▸ **WORK TO COMPLETE**
Word for word, transcribe the lines from the one containing "this 640×480 image." through the end of the entries, both included, and nothing else.
----------------
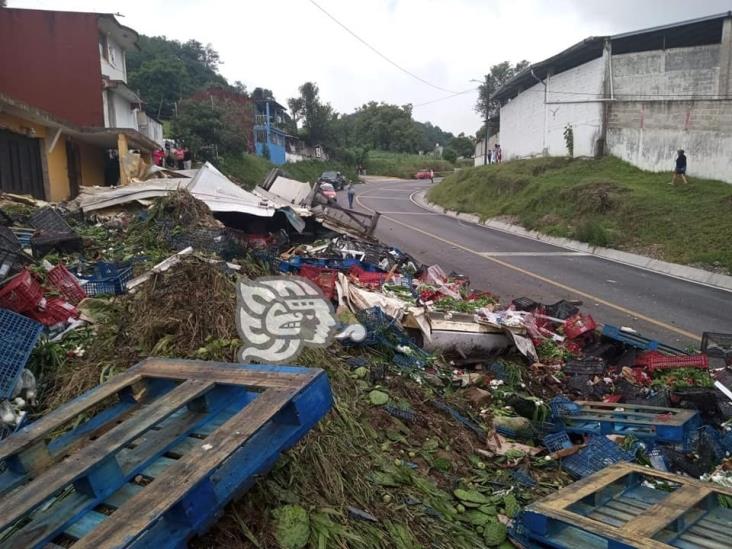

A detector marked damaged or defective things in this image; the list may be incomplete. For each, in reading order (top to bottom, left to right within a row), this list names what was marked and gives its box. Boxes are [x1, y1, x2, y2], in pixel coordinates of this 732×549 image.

broken crate [0, 358, 332, 544]
broken crate [516, 462, 732, 548]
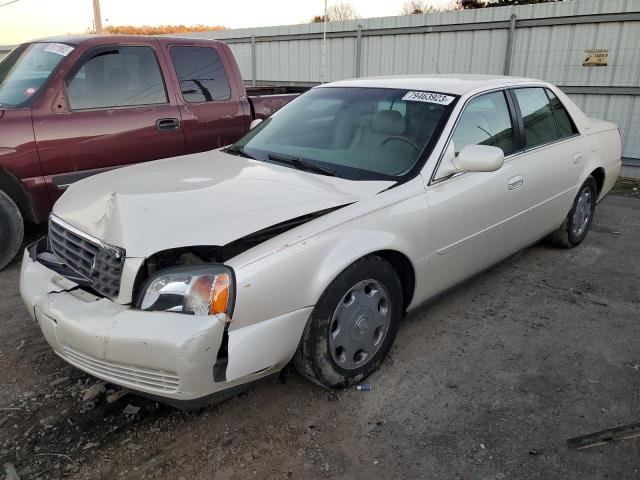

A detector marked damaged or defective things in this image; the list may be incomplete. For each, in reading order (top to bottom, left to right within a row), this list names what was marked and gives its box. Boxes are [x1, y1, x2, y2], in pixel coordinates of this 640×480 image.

cracked bumper [21, 249, 316, 406]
----------------
▸ **COMPLETED TASK**
A detector marked damaged or defective things in this image; the list may be incomplete. For each, in reading order (top to bottom, left to right within a row), this list names what was marked and gives its box. Boxes are [x1, y1, x2, y2], in pixel coordinates of this 640×480 image.

cracked bumper [21, 249, 316, 406]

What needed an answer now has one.